OPERATION GWAMBA

 

EXT. SURINAME - JUNGLE - DAY

Title over:      “SURINAME RIVER, SOUTH AMERICA—JULY, 1963”

 

With muted animal sounds in the jungle, in the midst of the water, a tree stands partially submerged.  Next to the trunk, a HOWLER MONKEY’s head emerges then, one arm after another, it claws its way up the trunk and into the branches.  As the monkey slowly rotates his head, we see the river bank, the water, then in the distance—

 

 

EXT. AFOBAKA DAM

 

Title over:      “AFOBAKA DAM”

 

The huge hydro-electric dam in the jungle is half-completed.  Coffer dams divert the river temporarily around it during construction of the main dam.  It is an enormous complex.  Yellow Volkswagons with large black numbers on the door are parked on the side.

 

Workers at the dam wear white helmets with black lettering, “Suralco.”  The White engineers wear short-sleeved white shirts with black lettering on the back: the top line reads “Suralco”; larger lettering underneath reads “ALCOA.”  The Black workers wear khaki shirts.

 

The workers appear well organized, busy at the various jobs of earth moving, etc. 

 

EXT. RIVERBANK

 

Closer to the dam, standing at the river's edge, KYLI, a 25-year old Black Saramaka native, watches the workers balefully.  The rising water laps at his bare toes.

 

EXT. DAM

The engineers read the plans and gesture to the Saramakan laborers to pour the concrete.  The sound of the machinery rises to a CRESCENDO, leading to…

 

 

EXT. NEW ENGLAND COUNTRY ROAD - NIGHT

 

…the ROAR of car motors before they are seen on the road, approaching from a distance.  Finally, a black '60 Ford hurtles down the road with four cars in hot pursuit.

 

Title over:  “JULY, 1963 - MASSACHUSETTS, UNITED STATES”

 

________________________________________________________________________________

Synopsis

 

In 1962, Alcoa manufactures the first pull-tab aluminum can—the breweries love it and a transformative new industry is launched.  Because the process demands intensive mining and massive electricity for smelting the ore, Alcoa turns to Suralco (its mining subsidiary in Suriname, South America) to build a hydro-electric dam across the Suriname River. The people and animals inhabiting the 900 square-mile jungle area are not a consideration.

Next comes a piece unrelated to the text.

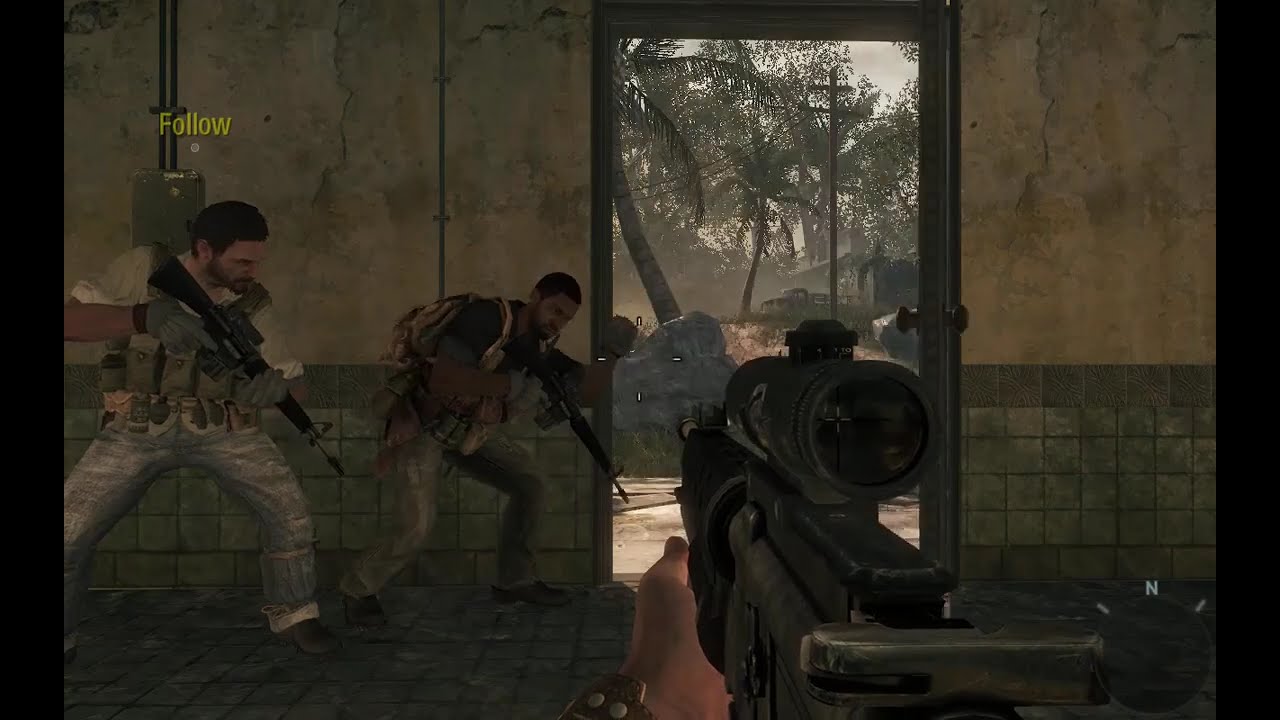 steamdeck cod bo1 campaign no commentary gameplay pt 1 more @420jStonerYTGaming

Behind the Afobaka Dam, the water forms a vast spreading lake.  Many native villages are submerging; thousands of animals are in peril.  Although Commissioner Jan Michels oversees the woeful relocation of 6,000 Saramakas out of the flooded area, he can do nothing for the trapped animals who will surely die.  In 1964, Michels pleas for assistance from the International Society for the Protection of Animals (ISPA) in Boston, Massachusetts. “Time is short,” he writes, “and the water rises.”

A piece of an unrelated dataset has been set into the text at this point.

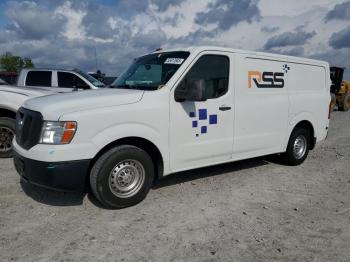  Salvage Nissan Nv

ISPA dispatches 23-year-old John Walsh to conduct this unprecedented animal-rescue effort in the most difficult tropical terrain. Walsh has never been out of New England.  He has never caught jungle animals.  He has never managed a project.  The question is not so much whether he will save the animals, but whether he will survive at all.  Yet the animals are dying and there is no one else to send and no time to train anyone else.

This screenplay is the story of that true adventure—how Walsh lives for two years in the bush with his team of  Saramakas, forging friendships with his foreman (Wimpy) and assistant (Sime), and how together, racing against time and against all odds, they save nearly 10,000 animals from drowning and starvation.